Vor 80 Jahren: »Brüsseler Konferenz« der KPD
Prof. Dr. sc. Heinz Karl
Auf neuem Wege für den Sturz der faschistischen Diktatur!
Nur einundeinhalb Monate nach dem VII. Weltkongress der Kommunistischen Internationale [1], vom 3. bis 15. Oktober 1935, tagte in Kunzewo, einem Vorort (heute Stadtteil) von Moskau, die IV. Parteikonferenz [2] der KPD. Die Illegalität der Partei erforderte ihre konspirative Durchführung, weshalb sie öffentlich als »Brüsseler Konferenz« deklariert wurde. Mit Erfolg: den faschistischen Geheimdiensten gelang es nicht, sie aufzuklären. Vom ersten Parteitag der KPD nach 1945, im April 1946, wurde sie ihrer Bedeutung entsprechend als XIII. Parteitag der KPD gewertet.

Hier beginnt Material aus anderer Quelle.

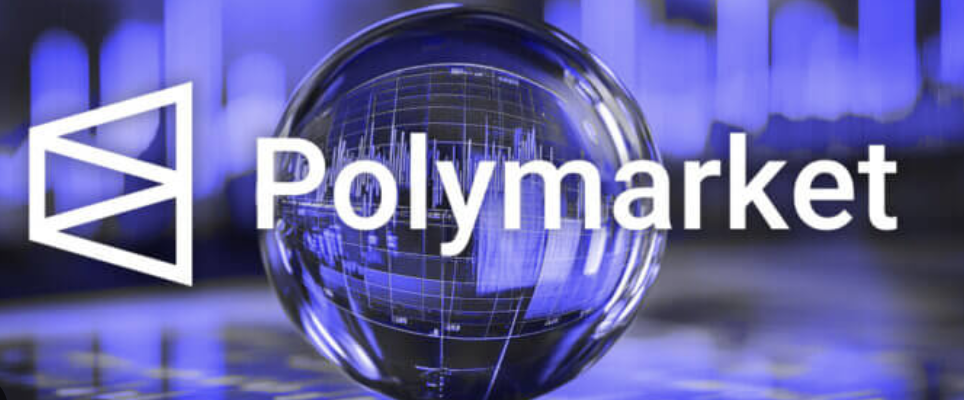 Trump Administration Ends Polymarket Investigations Without Charges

Die Parteikonferenz war mit der kompliziertesten Situation seit Gründung der KPD konfrontiert: einer bereits fast drei Jahre bestehenden faschistischen Diktatur der imperialistischen Bourgeoisie in Deutschland, die – im Unterschied zu allen anderen politischen Kräften – die KPD nicht als Konkurrenten, sondern als ihren Todfeind bekämpfte. Die Konferenz hatte diese Situation nüchtern und möglichst exakt einzuschätzen, realistisch die Perspektiven zu bestimmen und Schlussfolgerungen für die politische Linie und die praktische Arbeit zu ziehen. Von den 34 Delegierten hatte die Mehrzahl am VII. Weltkongress teilgenommen, einige kamen unmittelbar aus Deutschland – aus Berlin, Sachsen, Köln, Düsseldorf, dem Ruhr- und dem Saargebiet, Frankfurt/Main, Hamburg, Bremen, Danzig und Oberschlesien, 10 hatten bisher dem ZK angehört.
Den Bericht des Polbüros erstattete Wilhelm Pieck, Wilhelm Florin sprach über die konkrete Anwendung der Beschlüsse des VII. Weltkongresses; Walter Ulbricht, Anton Ackermann und Franz Dahlem hielten ergänzende Referate zur Gewerkschaftspolitik, der Jugendpolitik sowie dem Parteiaufbau und der Massenarbeit. Die Beschlüsse und Debatten des KI-Kongresses prägten auch die Parteikonferenz. Eine besonders wertvolle Hilfe war das Auftreten von Palmiro Togliatti als Vertreter des Exekutivkomitees der KI.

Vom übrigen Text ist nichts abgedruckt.